THE PROBLEM:
From the listing below, please restate exactly the lines beginning at the one with "Adidas campus 00s" and ending at the one with "У Південній Кореї", both included, and skip the pictures.

[Opening INPUT section]

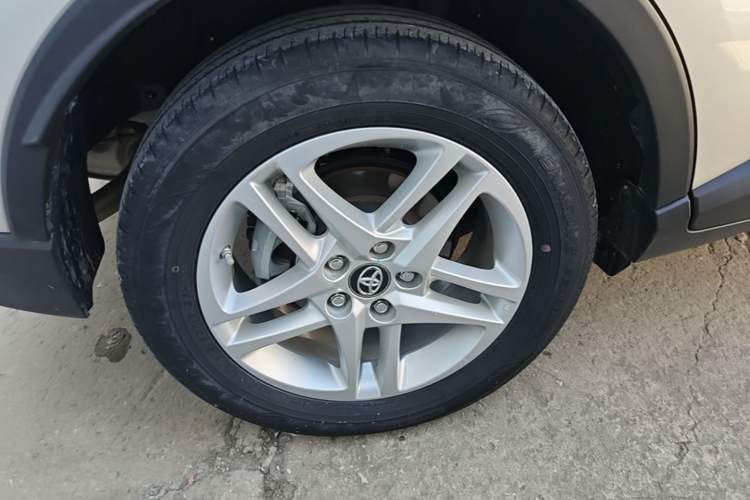 Used Toyota C-HR 2021 2.0L Comfort Edition Right Rear Wheel Hub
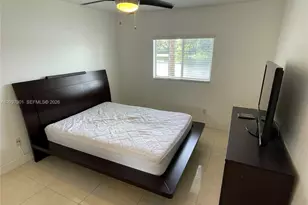 3690 N 56th Ave, Hollywood, FL 33021 - Photo 9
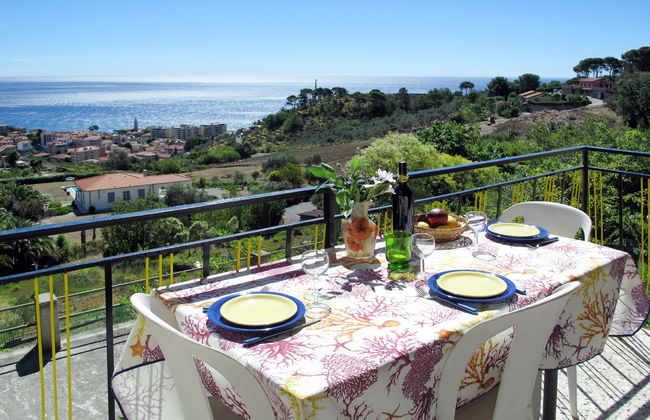 Joly (SLR111) - Photo 1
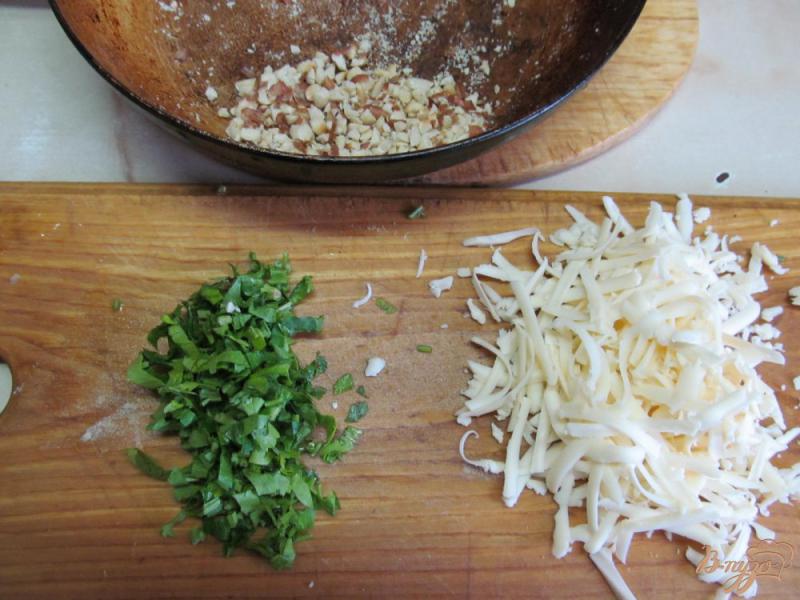 Фото приготовление рецепта: Салат из курицы грибов и арахиса шаг №3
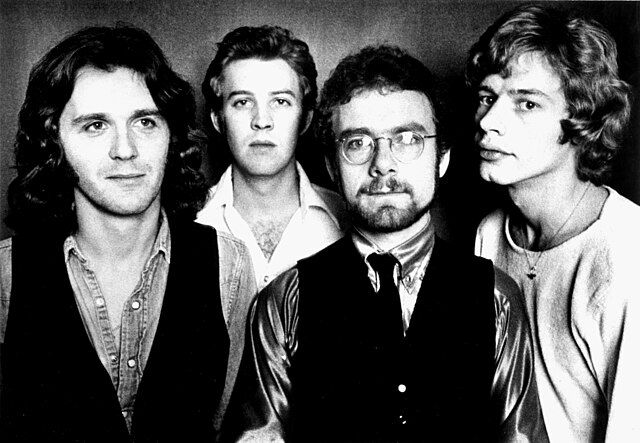 King_crimson_1974_press_photo (1).jpg
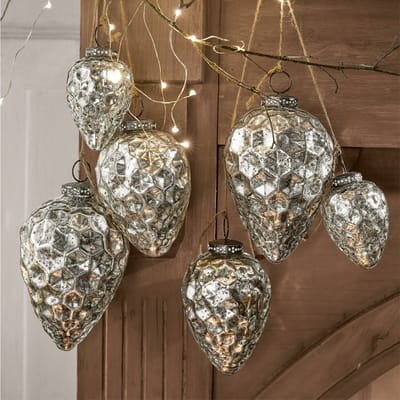 LOBERON Kerstversiering set van 6 Colin antiekzilverkleurig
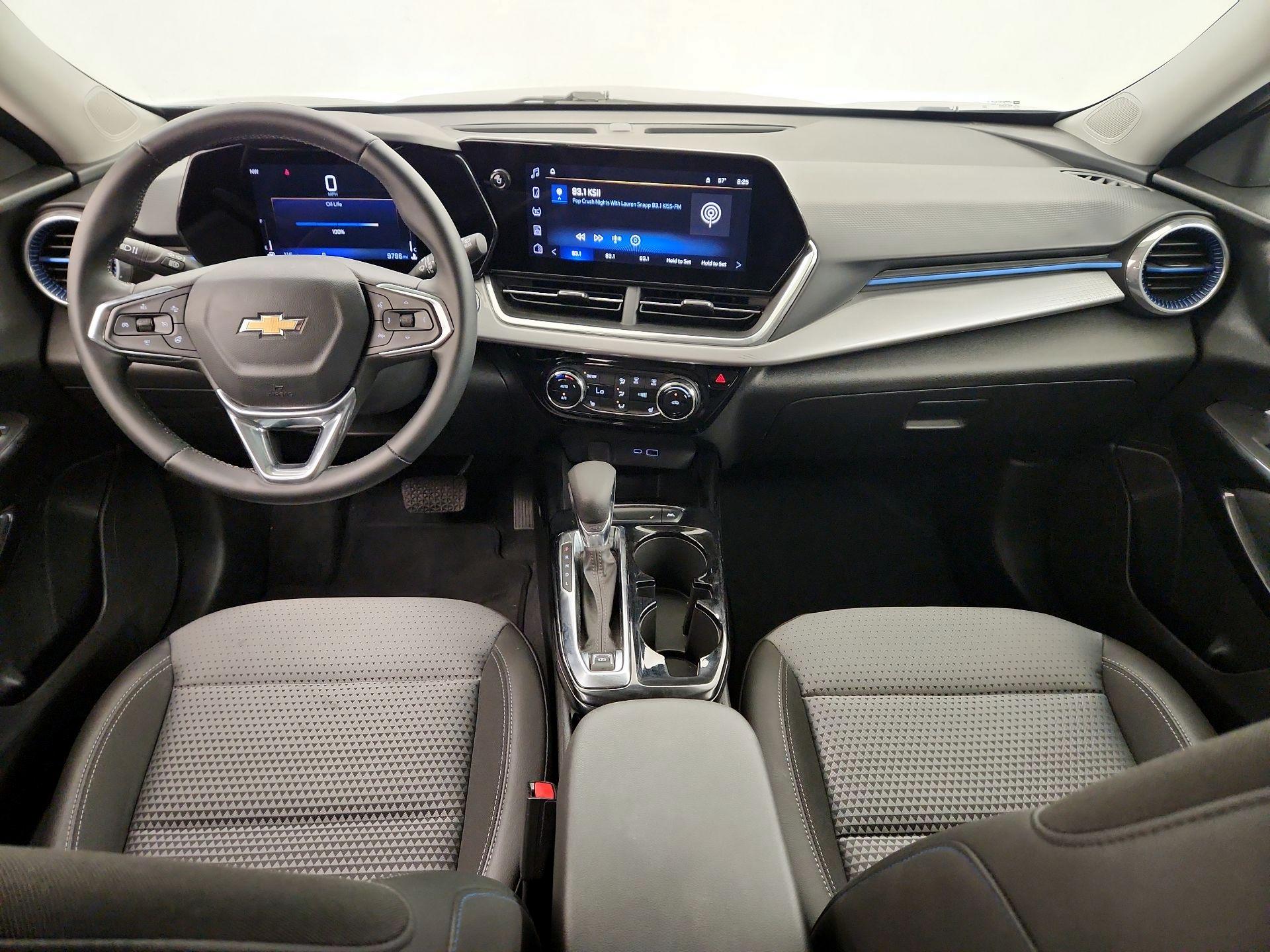 Thumbnail: 2024 Chevrolet Trax - 9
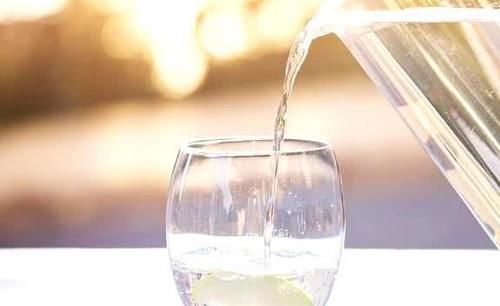 亚硝酸盐|白开水放凉后,究竟能不能饮用?医生揭晓答案,现在知道还不晚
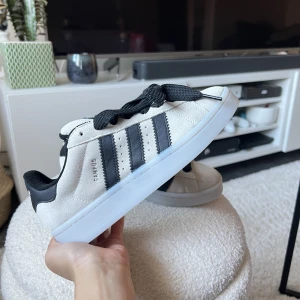 Adidas campus 00s - Adidas Orginals i färgen alumina/ core black. Oanvända, svarta snören medföljer. 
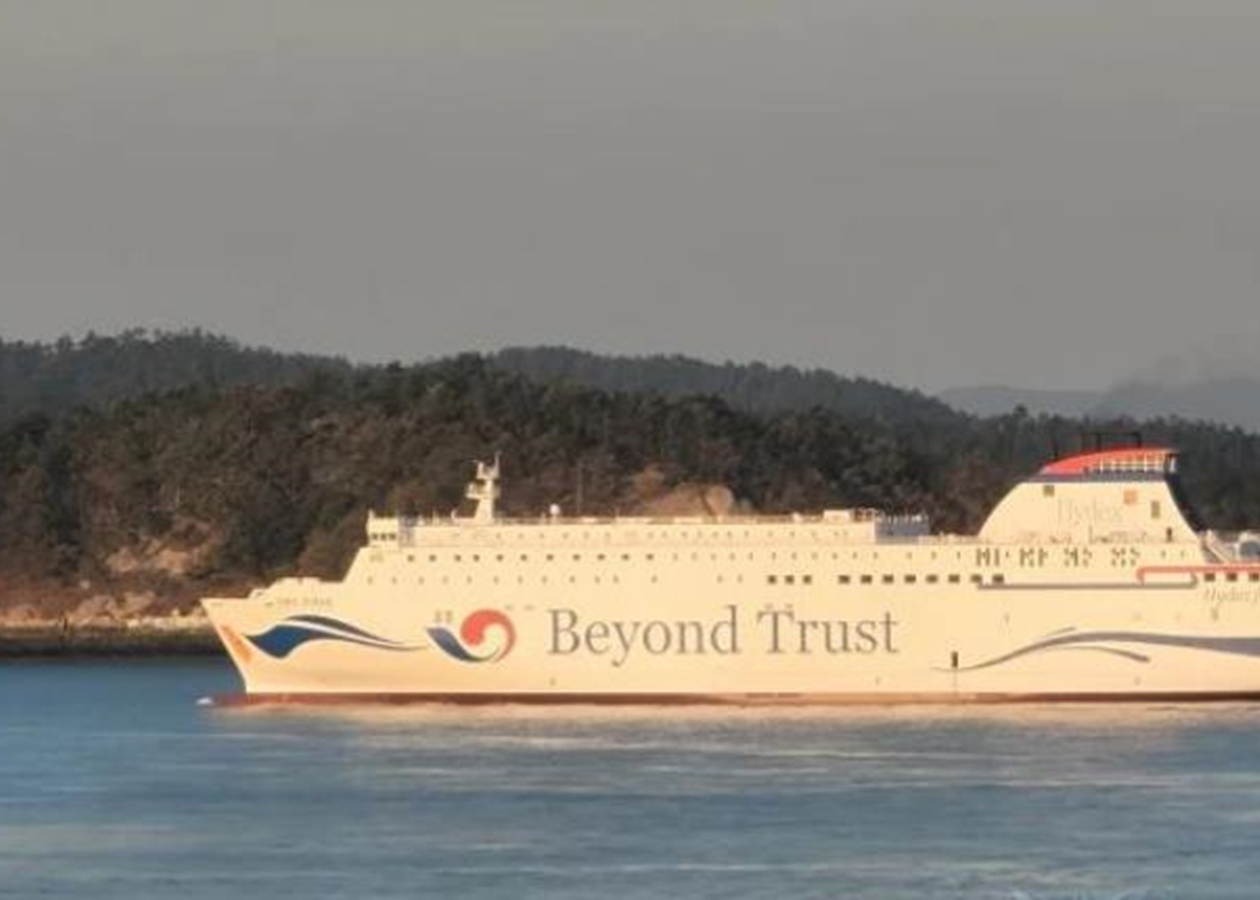 У Південній Кореї пором потрапив в аварію через неуважність члена екіпажу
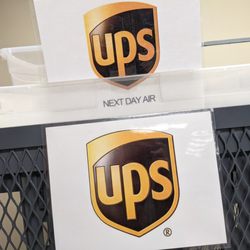 The Country Postman and Copy Shack - Make us your shipping center! We ship via UPS, FedEx, USPS and DHL. Please ask us about our custom pick up and delivery courier service.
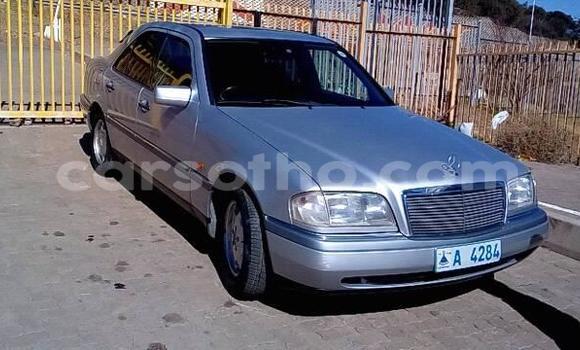 Acheter Occasion Voiture Mercedes-Benz C–Class Gris à Maseru, Maseru Acheter Occasion Voiture Mercedes-Benz C–Class Gris à Maseru, Maseru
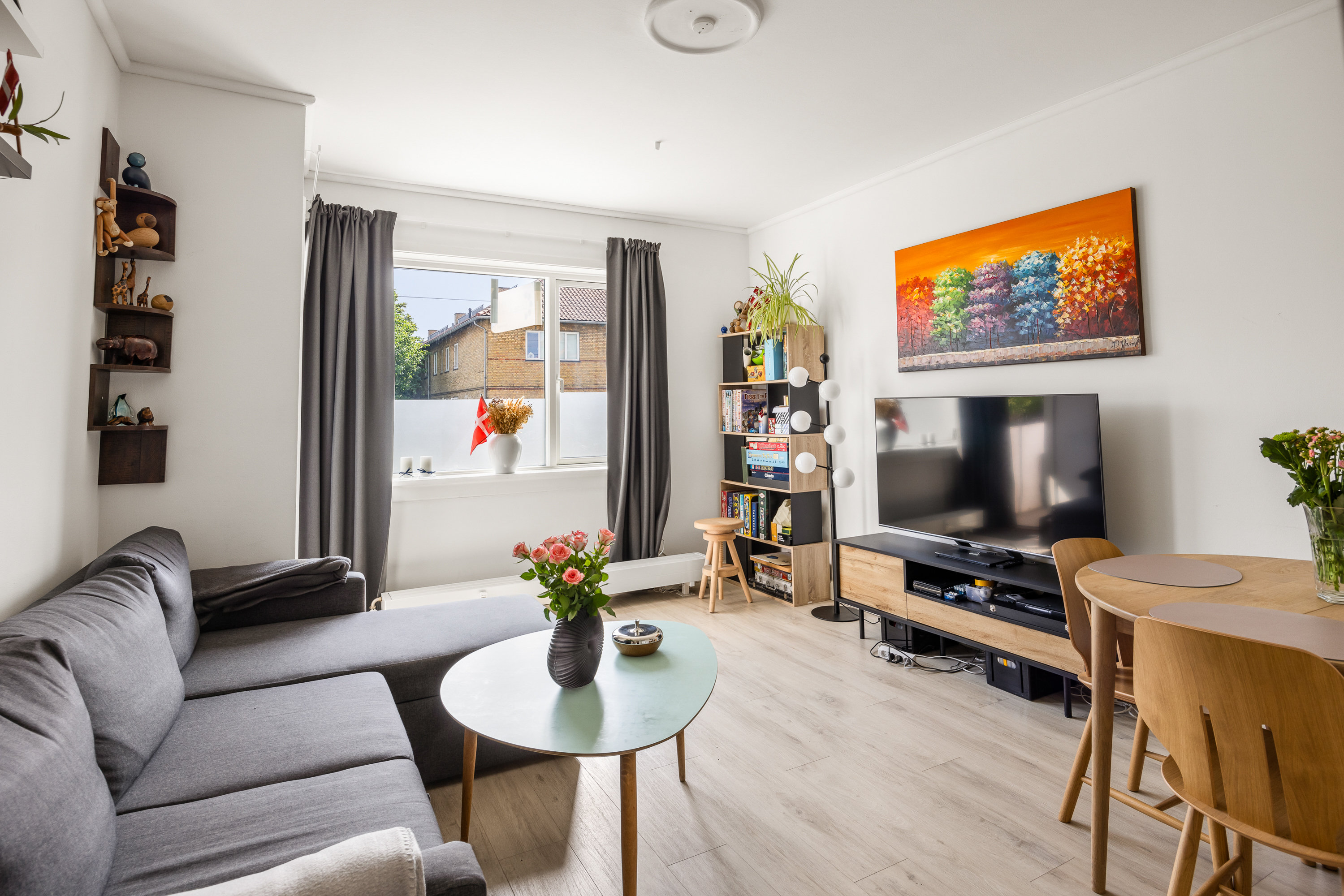 Fremhævet stue billede i fuldskærmstilstand. Billede af Buddingevej 72C, st., 2800 Kongens Lyngby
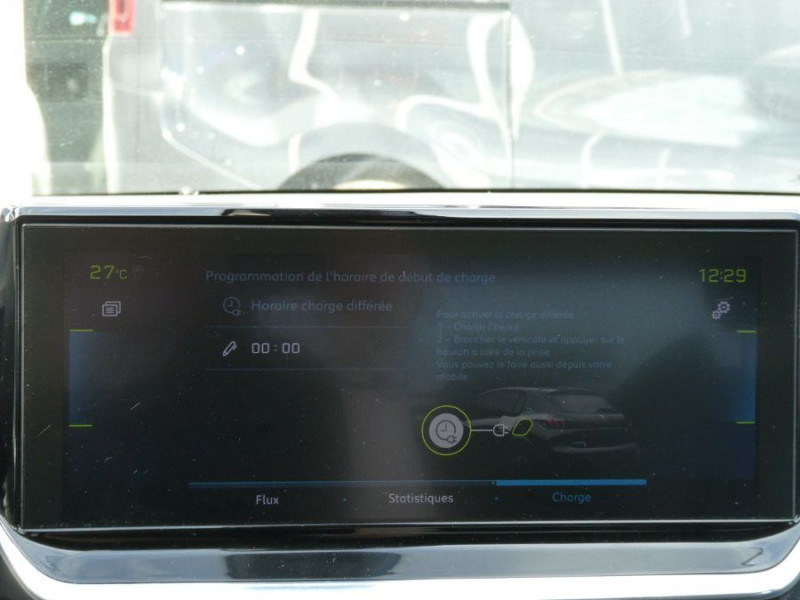 Photo 23 de l'offre de PEUGEOT 208 II ELECTRIQUE 136 GT TOIT Pano à 25950€ chez Mérignac auto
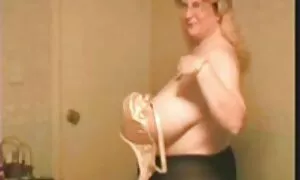 أم افلام سكس اجنبي مترجمة شابة تدفع ثمن الصب لهذا المنتج.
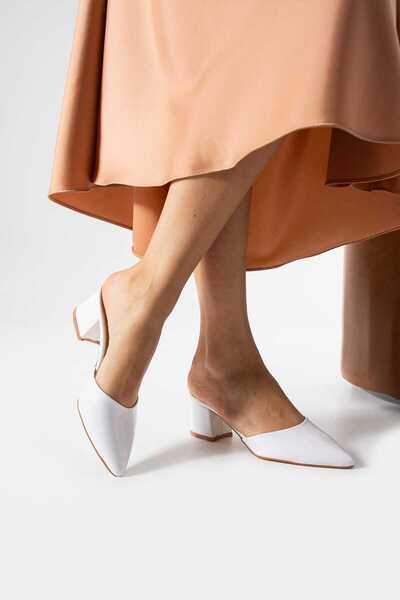 Bayramoğlu Pointed Toe Thick Heel Shiny Slippers Shoes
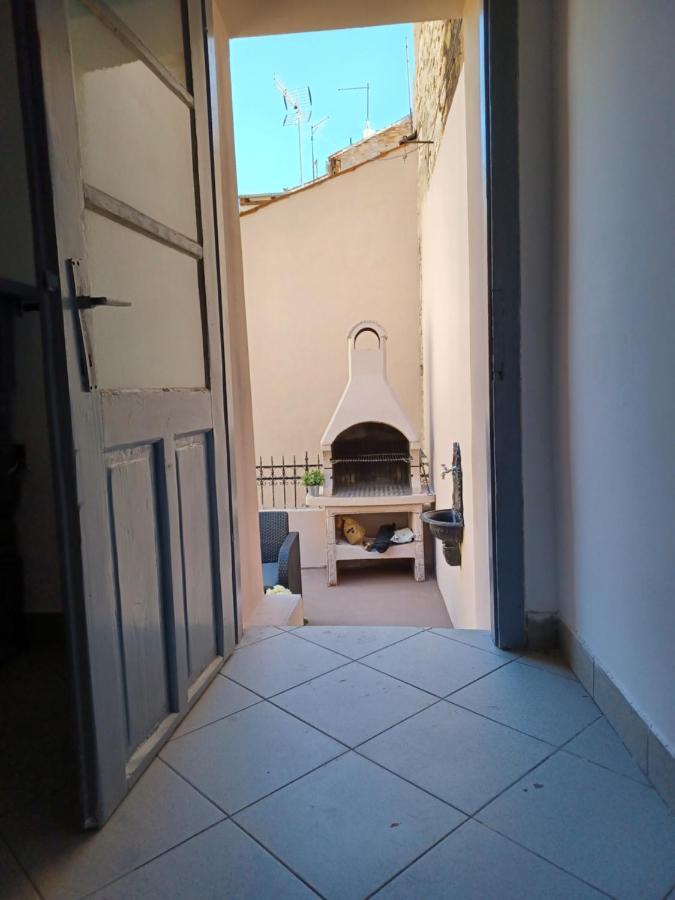 Apartmán Apartman B & S With A Beautiful Terrace *
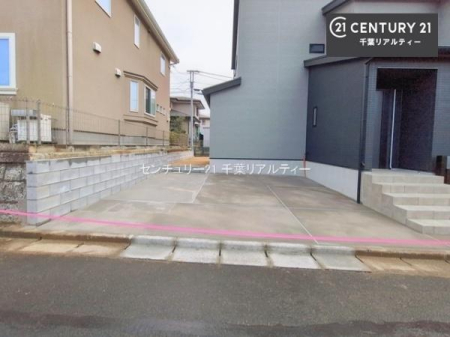 ���ԏ� ���ԃX�y�[�X��2�䕪����܂��I�Z�J���h�J�[�͂������A�o�C�N�⎩�]�ԂȂǂ��u���ꏊ�ɍ���܂���B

[Closing INPUT section]

RESPONSE:
 Adidas campus 00s - Adidas Orginals i färgen alumina/ core black. Oanvända, svarta snören medföljer. 
 У Південній Кореї пором потрапив в аварію через неуважність члена екіпажу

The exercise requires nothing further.